2019-09-16 Thread Dan Williams
On Mon, Sep 9, 2019 at 11:29 PM Aneesh Kumar K.V
 wrote:
>
> With commit: 7cc7867fb061 ("mm/devm_memremap_pages: enable sub-section remap")
> pmem namespaces are remapped in 2M chunks. On architectures like ppc64 we
> can map the memmap area using 16MB hugepage size and that can cover
> a memory range of 16G.
>
> While enabling new pmem namespaces, since memory is added in sub-section 
> chunks,
> before creating a new memmap mapping, kernel should check whether there is an
> existing memmap mapping covering the new pmem namespace. Currently, this is
> validated by checking whether the section covering the range is already
> initialized or not. Considering there can be multiple namespaces in the same
> section this can result in wrong validation. Update this to check for
> sub-sections in the range. This is done by checking for all pfns in the range 
> we
> are mapping.
>
> We could optimize this by checking only just one pfn in each sub-section. But
> since this is not fast-path we keep this simple.
>
> Signed-off-by: Aneesh Kumar K.V 
> ---
>  arch/powerpc/mm/init_64.c | 45 ---
>  1 file changed, 23 insertions(+), 22 deletions(-)
>
> diff --git a/arch/powerpc/mm/init_64.c b/arch/powerpc/mm/init_64.c
> index 4e08246acd79..7710ccdc19a2 100644
> --- a/arch/powerpc/mm/init_64.c
> +++ b/arch/powerpc/mm/init_64.c
> @@ -70,30 +70,24 @@ EXPORT_SYMBOL_GPL(kernstart_addr);
>
>  #ifdef CONFIG_SPARSEMEM_VMEMMAP
>  /*
> - * Given an address within the vmemmap, determine the pfn of the page that
> - * represents the start of the section it is within.  Note that we have to
> - * do this by hand as the proffered address may not be correctly aligned.
> - * Subtraction of non-aligned pointers produces undefined results.
> - */
> -static unsigned long __meminit vmemmap_section_start(unsigned long page)
> -{
> -   unsigned long offset = page - ((unsigned long)(vmemmap));
> -
> -   /* Return the pfn of the start of the section. */
> -   return (offset / sizeof(struct page)) & PAGE_SECTION_MASK;
> -}
> -
> -/*
> - * Check if this vmemmap page is already initialised.  If any section
> + * Check if this vmemmap page is already initialised.  If any sub section
>   * which overlaps this vmemmap page is initialised then this page is
>   * initialised already.
>   */
> -static int __meminit vmemmap_populated(unsigned long start, int page_size)
> +
> +static int __meminit vmemmap_populated(unsigned long start, int size)
>  {
> -   unsigned long end = start + page_size;
> -   start = (unsigned long)(pfn_to_page(vmemmap_section_start(start)));
> +   unsigned long end = start + size;
>
> -   for (; start < end; start += (PAGES_PER_SECTION * sizeof(struct 
> page)))
> +   /* start is size aligned and it is always > sizeof(struct page) */
> +   VM_BUG_ON(start & sizeof(struct page));

If start is size aligned why not include that assumption in the VM_BUG_ON()?

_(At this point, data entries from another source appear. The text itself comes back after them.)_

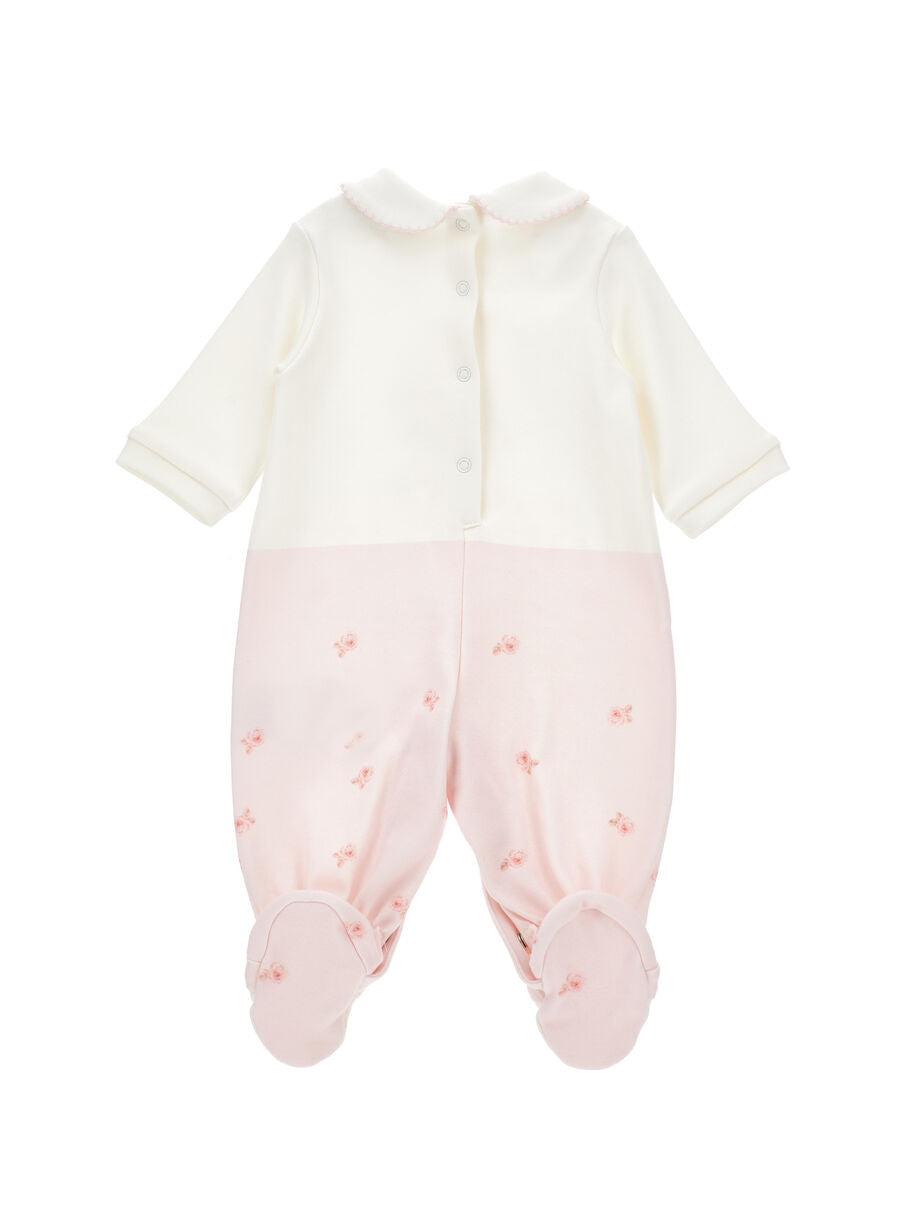 Monnalisa "Strampler langarm" mit Hund und Schleifchen - Creme/Rosa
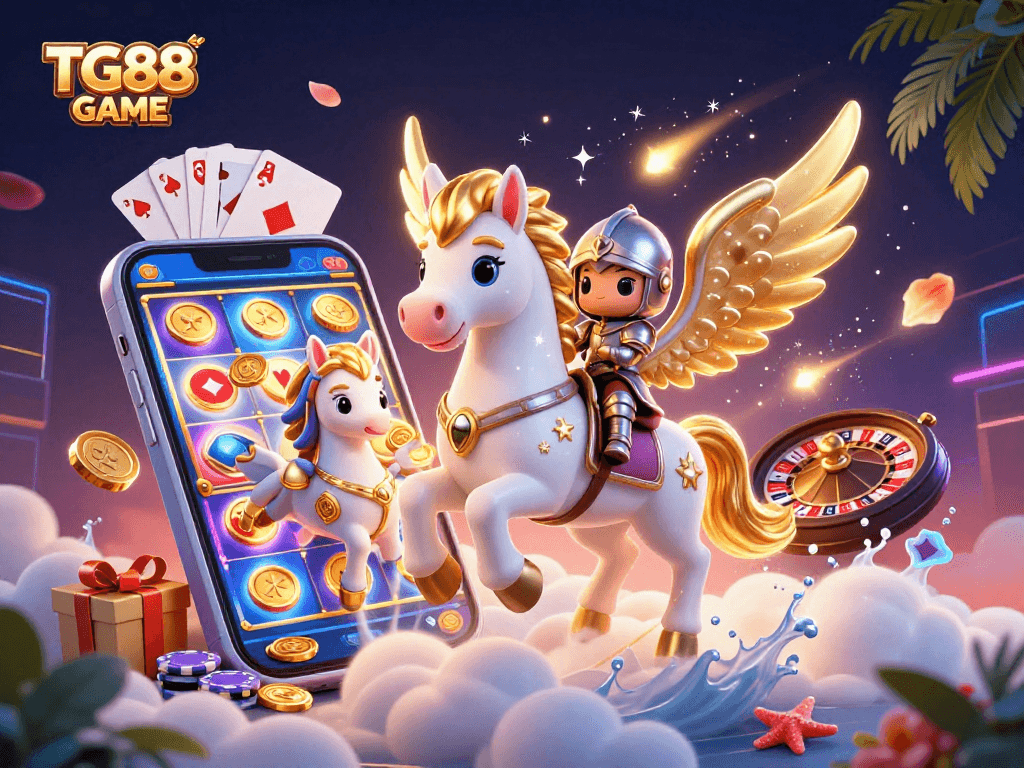 Engage in thrilling games at TG88 GAME with a celestial horse and knight dynamic scene.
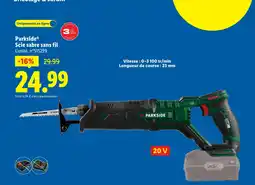 Lidl Parkside scie sabre sans fil offre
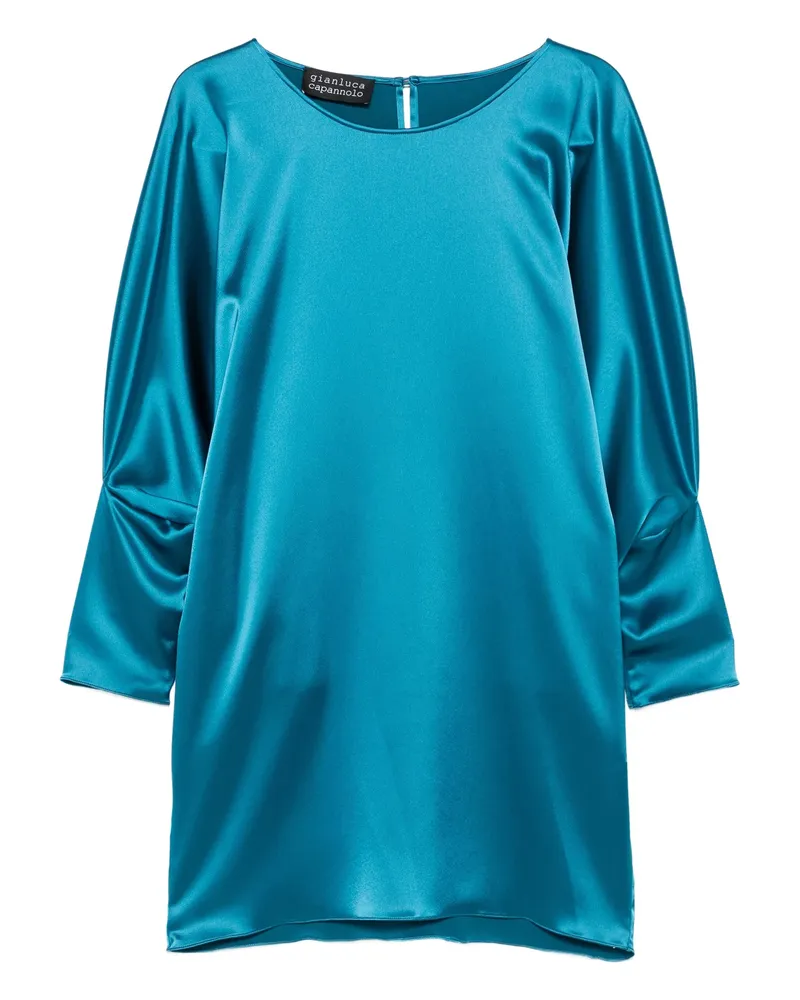 Gianluca Capannolo Crew-neck Puff-sleeve Mini Dress Blue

Otherwise it seems this patch could be reduced simply by:

s/PAGE_SECTION_MASK/PAGE_SUBSECTION_MASK/
s/PAGES_PER_SECTION/PAGES_PER_SUBSECTION/

...and leave the vmemmap_section_start() function in place? In other
words this path used to guarantee that 'start' was aligned to the
minimum mem-hotplug granularity, the change looks ok on the surface,
but it seems a subtle change in semantics.

Can you get an ack from a powerpc maintainer, or maybe this patch
should route through the powerpc tree?

I'll take patch1 through the nvdimm tree.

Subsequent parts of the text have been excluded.